About this task
Write out again, exactly, the lines below starting at the one with "Natural Sage Solid Salford Tote Bag" and ending at the one with "Beaumont Decor Hampton".

Records drawn from a dataset
**********

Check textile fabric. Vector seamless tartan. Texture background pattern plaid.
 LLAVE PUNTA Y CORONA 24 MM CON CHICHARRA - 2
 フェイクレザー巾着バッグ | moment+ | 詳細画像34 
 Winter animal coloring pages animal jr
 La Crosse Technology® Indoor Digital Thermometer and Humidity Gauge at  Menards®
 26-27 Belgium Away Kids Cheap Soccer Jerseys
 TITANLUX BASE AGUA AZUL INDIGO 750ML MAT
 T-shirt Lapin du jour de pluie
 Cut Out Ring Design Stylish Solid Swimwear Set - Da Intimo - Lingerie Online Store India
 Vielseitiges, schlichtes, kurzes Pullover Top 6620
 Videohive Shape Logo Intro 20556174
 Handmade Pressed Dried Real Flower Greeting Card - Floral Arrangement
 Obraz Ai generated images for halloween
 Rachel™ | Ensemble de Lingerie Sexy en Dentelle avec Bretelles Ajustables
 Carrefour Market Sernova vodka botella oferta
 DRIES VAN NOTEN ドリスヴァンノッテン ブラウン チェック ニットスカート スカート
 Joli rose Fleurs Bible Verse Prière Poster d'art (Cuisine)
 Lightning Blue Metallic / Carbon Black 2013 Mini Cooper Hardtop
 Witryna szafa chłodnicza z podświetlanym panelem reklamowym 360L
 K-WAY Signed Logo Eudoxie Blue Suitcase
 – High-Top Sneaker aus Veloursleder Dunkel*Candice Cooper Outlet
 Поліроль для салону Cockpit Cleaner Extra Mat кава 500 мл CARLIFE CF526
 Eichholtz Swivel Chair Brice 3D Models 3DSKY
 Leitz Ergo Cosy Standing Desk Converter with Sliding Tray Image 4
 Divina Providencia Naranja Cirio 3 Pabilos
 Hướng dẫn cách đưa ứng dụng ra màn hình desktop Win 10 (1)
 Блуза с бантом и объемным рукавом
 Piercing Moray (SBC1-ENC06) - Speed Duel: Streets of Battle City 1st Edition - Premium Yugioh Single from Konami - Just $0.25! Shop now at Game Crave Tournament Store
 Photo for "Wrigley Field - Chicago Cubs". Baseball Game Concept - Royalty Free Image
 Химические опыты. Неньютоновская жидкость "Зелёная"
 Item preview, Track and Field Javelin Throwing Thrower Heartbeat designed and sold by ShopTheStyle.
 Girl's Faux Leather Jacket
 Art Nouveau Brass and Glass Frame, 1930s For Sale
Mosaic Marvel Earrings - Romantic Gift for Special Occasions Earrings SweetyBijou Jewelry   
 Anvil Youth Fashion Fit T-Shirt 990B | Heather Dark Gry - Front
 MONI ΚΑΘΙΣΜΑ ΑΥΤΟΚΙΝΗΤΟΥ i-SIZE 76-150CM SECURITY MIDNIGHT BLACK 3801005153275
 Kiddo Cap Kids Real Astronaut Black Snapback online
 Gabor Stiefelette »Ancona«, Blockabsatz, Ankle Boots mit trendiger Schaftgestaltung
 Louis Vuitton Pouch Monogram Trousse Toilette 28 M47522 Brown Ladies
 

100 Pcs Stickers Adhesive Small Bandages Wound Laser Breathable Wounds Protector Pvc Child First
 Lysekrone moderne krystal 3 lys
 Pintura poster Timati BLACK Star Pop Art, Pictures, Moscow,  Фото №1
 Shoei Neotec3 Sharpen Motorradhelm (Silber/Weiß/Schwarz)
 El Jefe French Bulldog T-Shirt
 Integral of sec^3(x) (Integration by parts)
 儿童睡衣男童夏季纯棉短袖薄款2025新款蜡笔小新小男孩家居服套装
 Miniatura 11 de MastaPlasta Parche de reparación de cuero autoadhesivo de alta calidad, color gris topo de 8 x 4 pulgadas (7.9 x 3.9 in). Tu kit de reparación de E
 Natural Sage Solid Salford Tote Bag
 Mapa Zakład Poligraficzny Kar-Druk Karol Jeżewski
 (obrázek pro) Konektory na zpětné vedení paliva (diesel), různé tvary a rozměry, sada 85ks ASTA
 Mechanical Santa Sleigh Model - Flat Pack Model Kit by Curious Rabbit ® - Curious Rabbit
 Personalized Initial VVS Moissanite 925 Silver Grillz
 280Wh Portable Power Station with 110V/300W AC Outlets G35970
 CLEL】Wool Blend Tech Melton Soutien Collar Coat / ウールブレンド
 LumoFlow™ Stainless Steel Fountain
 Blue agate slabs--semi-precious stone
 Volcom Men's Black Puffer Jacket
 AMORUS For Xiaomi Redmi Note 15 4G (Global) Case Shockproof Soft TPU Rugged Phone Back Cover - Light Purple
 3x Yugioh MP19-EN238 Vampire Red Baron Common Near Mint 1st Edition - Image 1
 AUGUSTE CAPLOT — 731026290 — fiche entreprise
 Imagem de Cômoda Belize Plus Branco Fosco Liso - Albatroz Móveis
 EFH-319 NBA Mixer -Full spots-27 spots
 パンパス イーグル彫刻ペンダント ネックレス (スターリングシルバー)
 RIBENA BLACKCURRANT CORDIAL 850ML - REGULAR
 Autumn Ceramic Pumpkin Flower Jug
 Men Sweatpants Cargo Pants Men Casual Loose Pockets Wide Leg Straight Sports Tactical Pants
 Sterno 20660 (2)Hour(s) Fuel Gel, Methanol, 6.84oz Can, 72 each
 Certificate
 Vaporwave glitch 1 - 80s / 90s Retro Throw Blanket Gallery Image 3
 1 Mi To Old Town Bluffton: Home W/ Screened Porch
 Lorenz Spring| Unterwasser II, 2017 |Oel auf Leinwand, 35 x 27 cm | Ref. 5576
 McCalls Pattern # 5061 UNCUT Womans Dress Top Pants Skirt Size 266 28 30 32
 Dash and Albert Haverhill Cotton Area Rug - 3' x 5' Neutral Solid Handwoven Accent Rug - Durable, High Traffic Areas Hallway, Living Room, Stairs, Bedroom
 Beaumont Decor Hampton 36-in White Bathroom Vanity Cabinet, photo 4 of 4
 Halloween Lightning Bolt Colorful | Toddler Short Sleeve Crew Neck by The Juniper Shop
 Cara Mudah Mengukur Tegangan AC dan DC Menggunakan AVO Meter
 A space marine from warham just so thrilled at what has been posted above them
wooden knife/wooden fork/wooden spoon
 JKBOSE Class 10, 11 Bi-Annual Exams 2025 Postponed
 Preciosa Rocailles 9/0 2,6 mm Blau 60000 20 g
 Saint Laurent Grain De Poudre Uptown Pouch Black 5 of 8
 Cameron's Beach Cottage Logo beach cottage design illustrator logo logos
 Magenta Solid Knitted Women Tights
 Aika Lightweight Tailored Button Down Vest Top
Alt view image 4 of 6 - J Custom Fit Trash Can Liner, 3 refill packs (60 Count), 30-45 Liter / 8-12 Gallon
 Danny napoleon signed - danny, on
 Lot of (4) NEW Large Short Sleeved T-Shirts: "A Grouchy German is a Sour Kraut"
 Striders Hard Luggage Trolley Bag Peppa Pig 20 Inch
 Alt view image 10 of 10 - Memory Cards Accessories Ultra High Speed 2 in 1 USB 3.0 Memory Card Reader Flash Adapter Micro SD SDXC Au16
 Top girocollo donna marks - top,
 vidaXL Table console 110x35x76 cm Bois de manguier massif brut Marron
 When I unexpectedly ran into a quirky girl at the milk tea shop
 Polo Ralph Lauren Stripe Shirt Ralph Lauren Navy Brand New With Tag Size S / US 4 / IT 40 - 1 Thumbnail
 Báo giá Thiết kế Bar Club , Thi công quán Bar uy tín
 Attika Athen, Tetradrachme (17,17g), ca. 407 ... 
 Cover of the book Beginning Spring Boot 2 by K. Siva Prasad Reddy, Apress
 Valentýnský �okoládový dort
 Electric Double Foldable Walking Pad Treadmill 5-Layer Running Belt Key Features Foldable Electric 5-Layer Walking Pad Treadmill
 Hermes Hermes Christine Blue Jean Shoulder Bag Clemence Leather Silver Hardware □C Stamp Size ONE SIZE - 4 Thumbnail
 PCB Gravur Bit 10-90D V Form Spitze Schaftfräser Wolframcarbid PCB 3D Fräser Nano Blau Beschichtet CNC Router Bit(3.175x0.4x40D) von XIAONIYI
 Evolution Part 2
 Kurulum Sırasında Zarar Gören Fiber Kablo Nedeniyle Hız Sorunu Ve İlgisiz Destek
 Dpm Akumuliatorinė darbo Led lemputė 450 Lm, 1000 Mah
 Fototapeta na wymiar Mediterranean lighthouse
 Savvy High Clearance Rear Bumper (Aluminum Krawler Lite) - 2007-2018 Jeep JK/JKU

**********

Answer section
 Natural Sage Solid Salford Tote Bag
 Mapa Zakład Poligraficzny Kar-Druk Karol Jeżewski
 (obrázek pro) Konektory na zpětné vedení paliva (diesel), různé tvary a rozměry, sada 85ks ASTA
 Mechanical Santa Sleigh Model - Flat Pack Model Kit by Curious Rabbit ® - Curious Rabbit
 Personalized Initial VVS Moissanite 925 Silver Grillz
 280Wh Portable Power Station with 110V/300W AC Outlets G35970
 CLEL】Wool Blend Tech Melton Soutien Collar Coat / ウールブレンド
 LumoFlow™ Stainless Steel Fountain
 Blue agate slabs--semi-precious stone
 Volcom Men's Black Puffer Jacket
 AMORUS For Xiaomi Redmi Note 15 4G (Global) Case Shockproof Soft TPU Rugged Phone Back Cover - Light Purple
 3x Yugioh MP19-EN238 Vampire Red Baron Common Near Mint 1st Edition - Image 1
 AUGUSTE CAPLOT — 731026290 — fiche entreprise
 Imagem de Cômoda Belize Plus Branco Fosco Liso - Albatroz Móveis
 EFH-319 NBA Mixer -Full spots-27 spots
 パンパス イーグル彫刻ペンダント ネックレス (スターリングシルバー)
 RIBENA BLACKCURRANT CORDIAL 850ML - REGULAR
 Autumn Ceramic Pumpkin Flower Jug
 Men Sweatpants Cargo Pants Men Casual Loose Pockets Wide Leg Straight Sports Tactical Pants
 Sterno 20660 (2)Hour(s) Fuel Gel, Methanol, 6.84oz Can, 72 each
 Certificate
 Vaporwave glitch 1 - 80s / 90s Retro Throw Blanket Gallery Image 3
 1 Mi To Old Town Bluffton: Home W/ Screened Porch
 Lorenz Spring| Unterwasser II, 2017 |Oel auf Leinwand, 35 x 27 cm | Ref. 5576
 McCalls Pattern # 5061 UNCUT Womans Dress Top Pants Skirt Size 266 28 30 32
 Dash and Albert Haverhill Cotton Area Rug - 3' x 5' Neutral Solid Handwoven Accent Rug - Durable, High Traffic Areas Hallway, Living Room, Stairs, Bedroom
 Beaumont Decor Hampton 36-in White Bathroom Vanity Cabinet, photo 4 of 4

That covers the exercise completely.